Borders riders have been making a huge impact on the world of downhill mountain bike racing over recent months.
And 2019 already looks full of promise for one of them, who is recuperating from injury just now but has big ambitions for the months and years that lay ahead.
Reece Wilson, from Gordon, has only been racing for six years – but the 22-year-old has ascended swiftly through the ranks and is the now the top-placed rider in Scotland.
This season, he became the first Scotsman to gain a World Cup podium, finishing in fourth position at Fort William in the Scotland World Cup.
That fourth place finish earned him rave reviews, with many even saying his run was more impressive than that of the winner and second place riders.
Mountain Bike Rider said of Reece’s success at the time: “Privateer racer Reece Wilson just had one of those out-of-the-blue out-of-body things. The race run of his life.”
That run, added with success in Swizterland, Canada and Italy, has led to the season of his life so far for the Gordon man, even despite a very painful end to it with a crash in September.
“The success has led to me signing my first Factory deal going into 2019, which is what I’ve been working towards for six years,” Reece said.

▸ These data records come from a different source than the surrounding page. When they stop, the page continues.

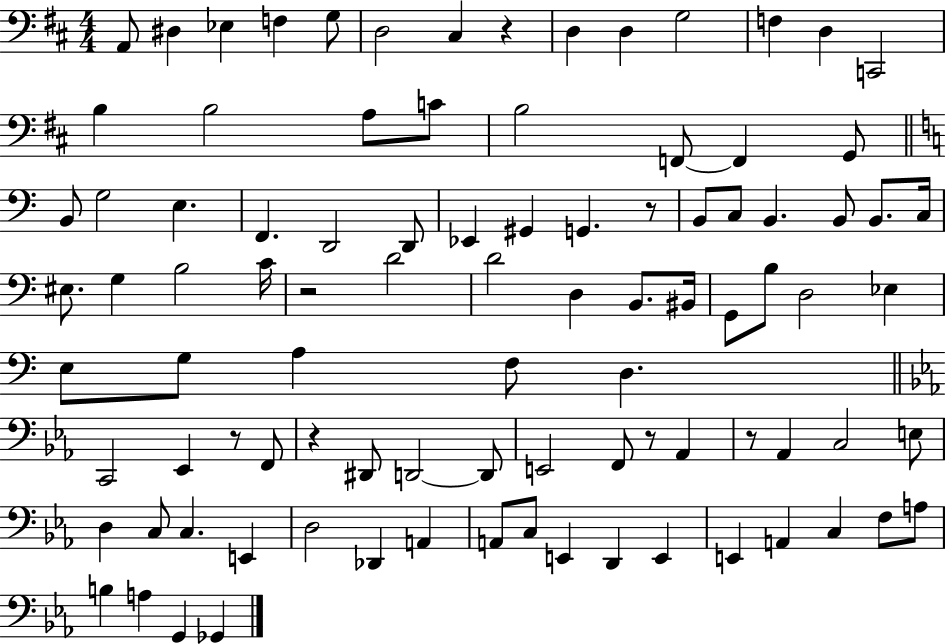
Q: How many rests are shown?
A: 7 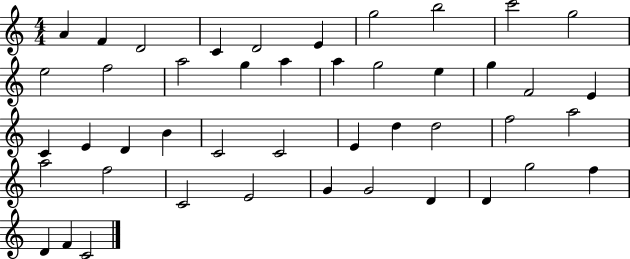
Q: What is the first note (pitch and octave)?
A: A4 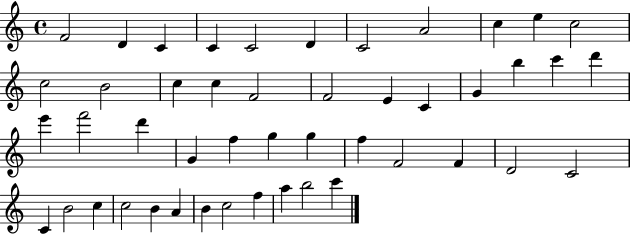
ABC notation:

X:1
T:Untitled
M:4/4
L:1/4
K:C
F2 D C C C2 D C2 A2 c e c2 c2 B2 c c F2 F2 E C G b c' d' e' f'2 d' G f g g f F2 F D2 C2 C B2 c c2 B A B c2 f a b2 c' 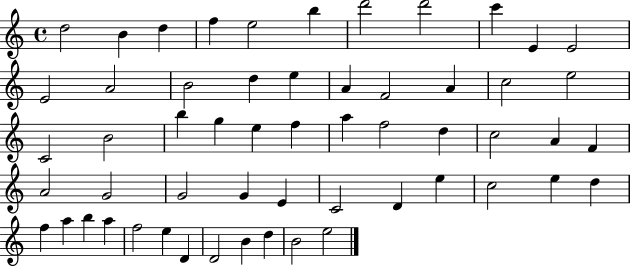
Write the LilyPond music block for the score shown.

{
  \clef treble
  \time 4/4
  \defaultTimeSignature
  \key c \major
  d''2 b'4 d''4 | f''4 e''2 b''4 | d'''2 d'''2 | c'''4 e'4 e'2 | \break e'2 a'2 | b'2 d''4 e''4 | a'4 f'2 a'4 | c''2 e''2 | \break c'2 b'2 | b''4 g''4 e''4 f''4 | a''4 f''2 d''4 | c''2 a'4 f'4 | \break a'2 g'2 | g'2 g'4 e'4 | c'2 d'4 e''4 | c''2 e''4 d''4 | \break f''4 a''4 b''4 a''4 | f''2 e''4 d'4 | d'2 b'4 d''4 | b'2 e''2 | \break \bar "|."
} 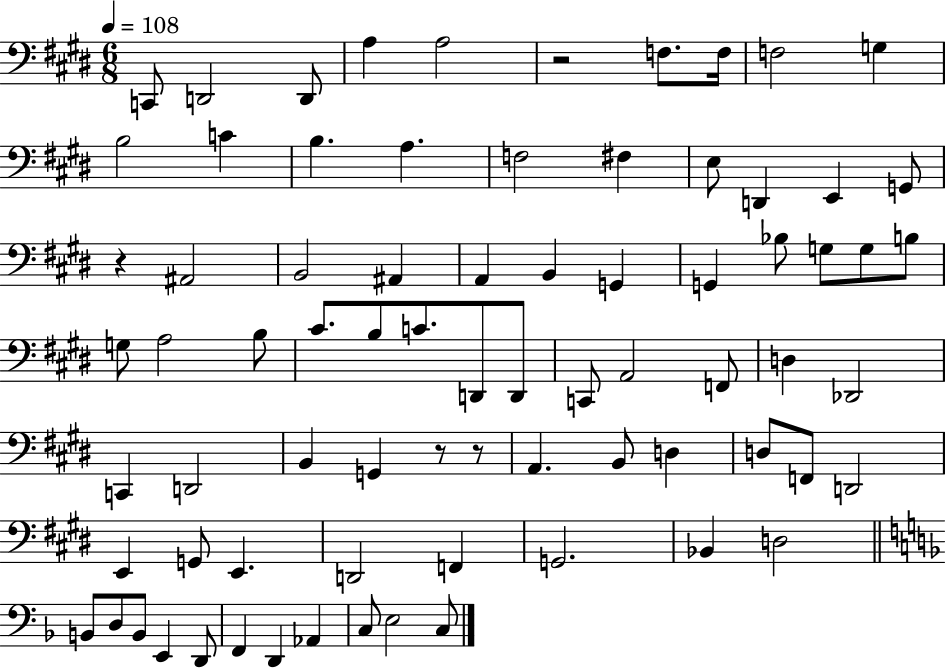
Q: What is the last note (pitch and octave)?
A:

In September, Reece was one of seven British riders elected for the World Championships in Lenzerheide, Switzerland.
He finished 16th – but only four seconds from the winner, underlining how close the racing can be, and the margins which the youngster has to close if he’s to become champion himself.
Shortly afterwards, injury forced him to the sidelines, but Reece is clear about the way ahead.
“I aim to keep the momentum going into 2019 and make the most of my new team,” he said.
“I am aiming to be consistently inside that top 10 at World Cups and, hopefully one day, become world champion."
Reece finished in and around the top ten at a couple of World Cup events last season, which added to his fourth position in Fort William.
There are 8 Downhill and 8 XCO World Cups in the calendar, with one of those Fort William. At a World Cup, riders can compete as individuals, for factory teams or for their National Teams.
Riders can only enter with a certain number of UCI points, which are earned in other qualifying mountain bike events.
The Olympics and World Championship medals are the most prestigious available in the mountain biking world, but the World Cup events provide the most rounded picture of the best and most consistent riders competing around the world.
Reece attained seventh place at Val Di Sole in the Italy World Cup and 18th at Mont Saint Anne in the Canada World Cup, ending the year 18th overall and the leading Scottish rider.
However, on September 15, he suffered a shoulder separation after crashing at Red Bull Hardline, an invitation-only event in Wales.
“Luckily, RedBull got me scanned and operated on within a week,” Reece said on his crash.
“I’m already well into the recovery/rehab stages now and looking to be back training in the gym and on the roads in a few weeks.”